Records shown:
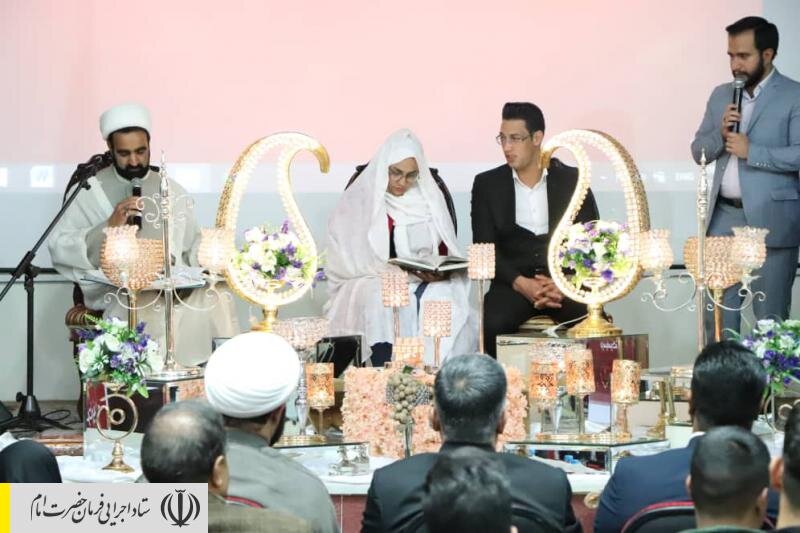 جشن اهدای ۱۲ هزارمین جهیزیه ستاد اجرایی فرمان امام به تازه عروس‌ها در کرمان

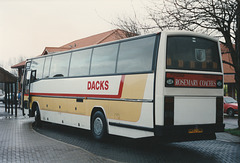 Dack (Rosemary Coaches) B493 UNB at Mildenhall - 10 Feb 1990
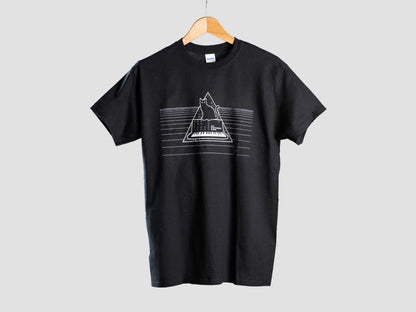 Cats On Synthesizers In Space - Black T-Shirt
...
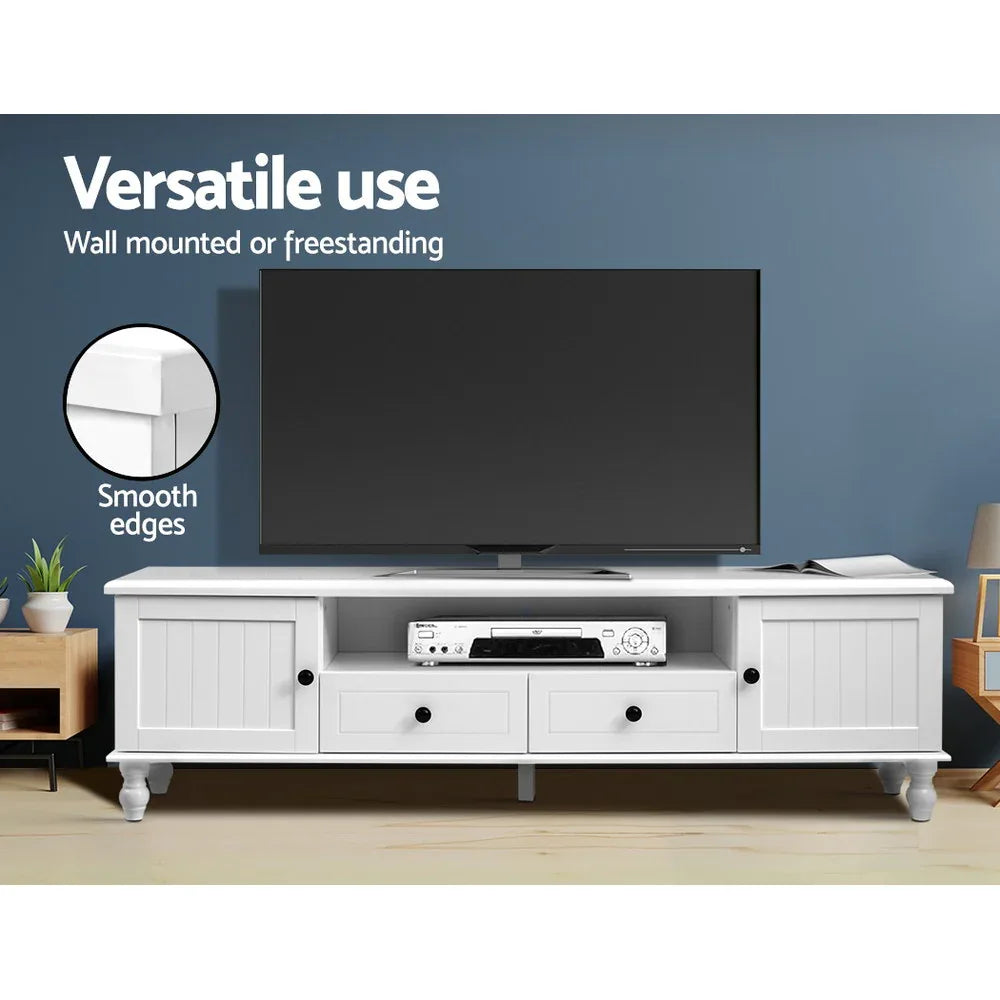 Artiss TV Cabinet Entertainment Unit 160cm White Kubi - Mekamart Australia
--
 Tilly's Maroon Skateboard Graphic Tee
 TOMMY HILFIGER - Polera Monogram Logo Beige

Exercise goal: Output the material above exactly, but only from the line that carries "Tilly's Maroon Skateboard Graphic Tee" through the line that carries "TOMMY HILFIGER - Polera Monogram Logo Beige".

Finished exercise:
 Tilly's Maroon Skateboard Graphic Tee
 TOMMY HILFIGER - Polera Monogram Logo Beige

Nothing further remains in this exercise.